**MATERIAL TO PROCESS:**
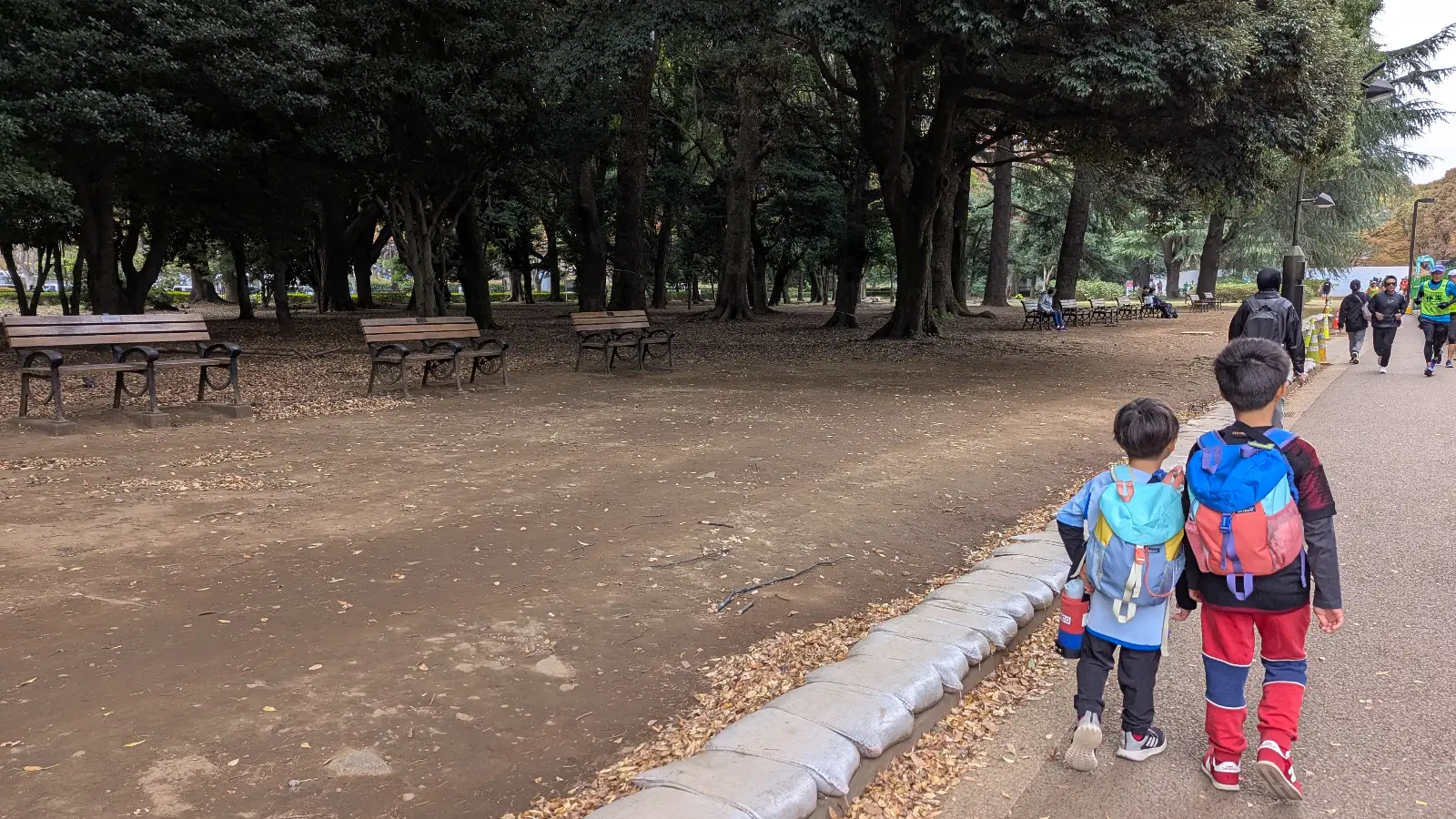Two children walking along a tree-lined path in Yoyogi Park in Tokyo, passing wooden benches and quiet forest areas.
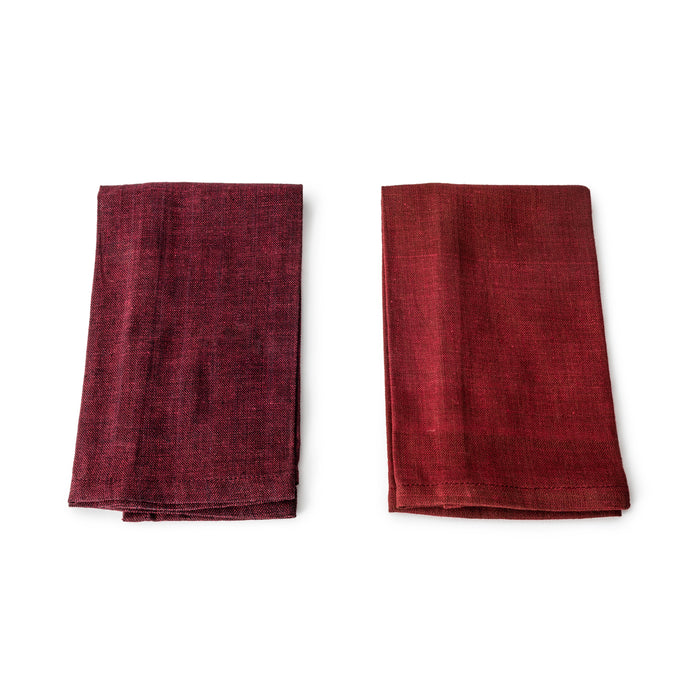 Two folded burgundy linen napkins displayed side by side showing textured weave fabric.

--

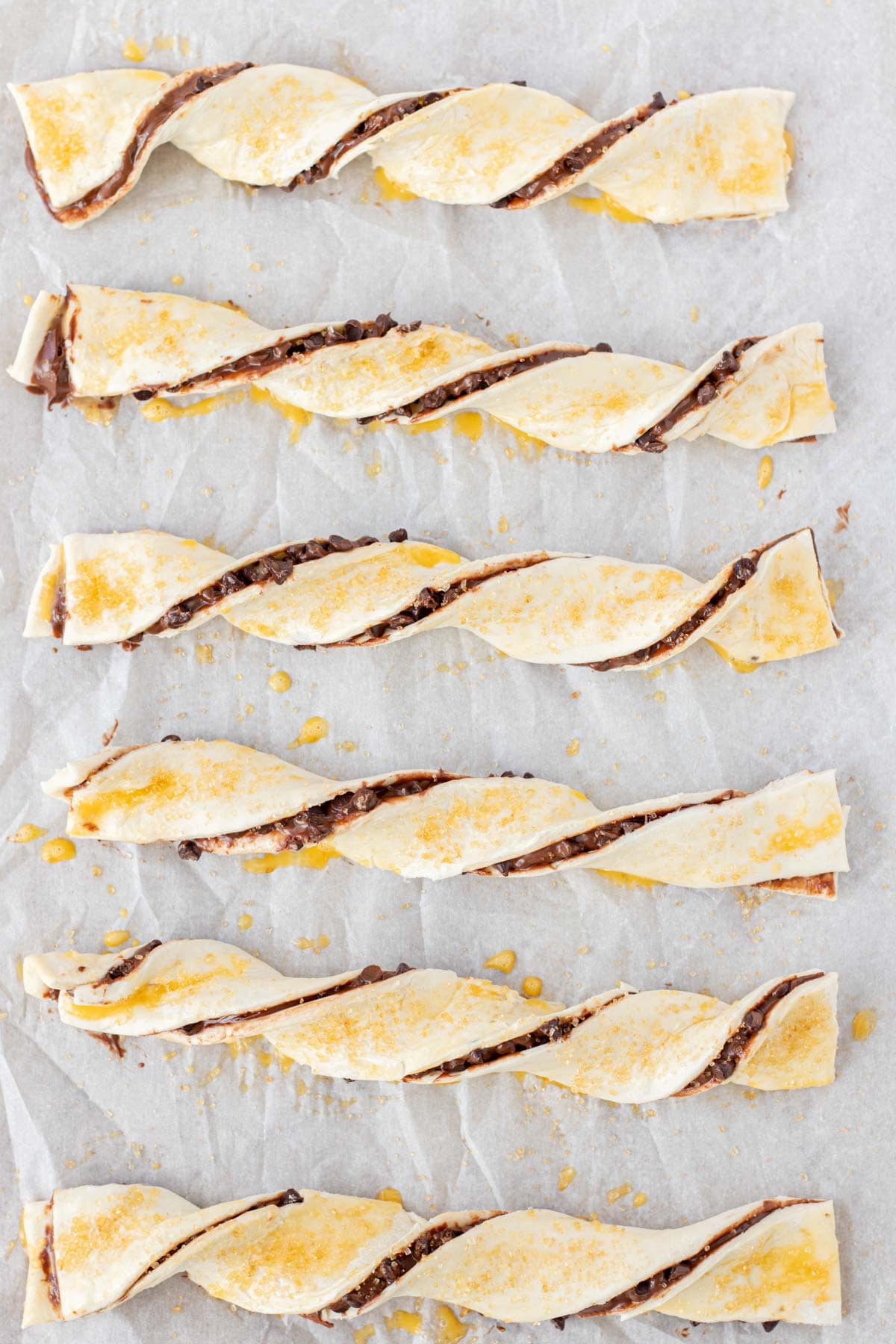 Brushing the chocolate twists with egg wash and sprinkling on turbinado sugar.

**ABOUT THIS TASK:** An exact copy is needed. It runs from the line above containing "Two children walking" down to the line containing "Two folded burgundy", both included, with no pictures.

**TASK RESPONSE:**
Two children walking along a tree-lined path in Yoyogi Park in Tokyo, passing wooden benches and quiet forest areas.
 Two folded burgundy linen napkins displayed side by side showing textured weave fabric.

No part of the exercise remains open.